Para finalizar, la paradoja del poder de la literatura es que parece que sólo donde es perseguida encuentra su fuerza. Mientras que en nuestra sociedad permisiva parece que se usa sólo para crear algún contraste grato en medio de una inflación verbal general. Siguiendo a Calvino, vivir en condiciones de libertad literaria supone una sociedad que se mueve, donde muchas cosas están cambiando (para mal o para bien), y se pone en cuestión la relación entre el mensaje literario y la sociedad, o, más exactamente, entre el mensaje y la posible creación de una sociedad que lo reciba.

¿Puede la literatura crear a sus lectores? ¿Es posible que el lector de lo que escribo hoy, aún no haya nacido?

Éste tipo de relación política es la que pesa en la literatura. Ésta es su cancha, podríamos decir, su vida misma, el lugar de su independencia, de su entierro y de su destierro, su gobierno. No la relación con la autoridad política, menos hoy que los gobernantes no pueden decir que tengan en sus manos la dirección de la sociedad, ni en las democracias ni en los regímenes autoritarios de derecha o de izquierda.

La literatura es política en la medida en que es uno de los instrumentos de autoconciencia de una sociedad.

Debido al peso desorbitado que han adquirido, la literatura combate, además, contra la instalación de un cierto tipo de lenguaje político y de un cierto tipo de lenguaje económico/mercantil; que pretenden convertirse en el único lenguaje, llevando a su terreno y haciendo responder de acuerdo con su lógica y su juego a los otros modos, irreductibles, del lenguaje y de la vida.

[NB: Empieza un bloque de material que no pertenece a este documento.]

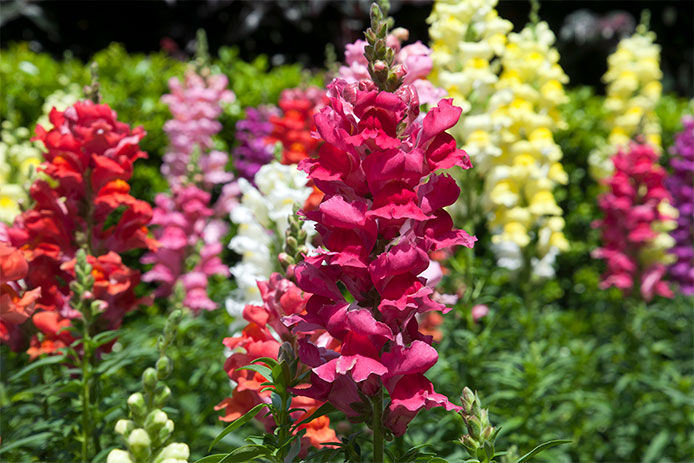 Snapdragons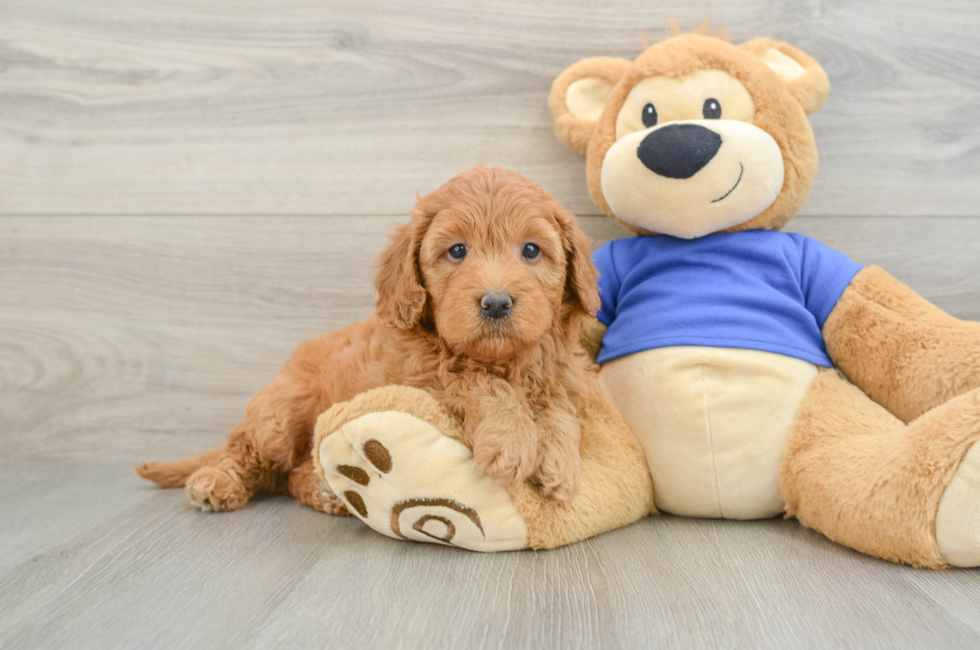 6 week old Mini Goldendoodle Puppy For Sale - Pilesgrove Pups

Afirmar el espacio del arte, de la poesía, de la música, de cualquier espectro creativo del ingenio humano, como oposición innegociable a cualquier tipo de arbitrio exterior, sea político o económico, implica no sólo una posición tanto política como económica, sino también una ética y un propósito; más allá de todas las involuciones, de una civilización en la que los parámetros que guían las discusiones políticas y económicas estén al servicio de las necesidades de todas las personas y no al dominio de una clase de ellas; una civilización en la que se hable de trabajo productivo sólo cuando responda a un propósito de vitalidad y realización profunda de los seres humanos, y no a la lógica de acumulación insaciable y continuamente insatisfecha de una parte de ellos.

En otras palabras, la literatura es política en la medida en que participa de la creación de un mundo.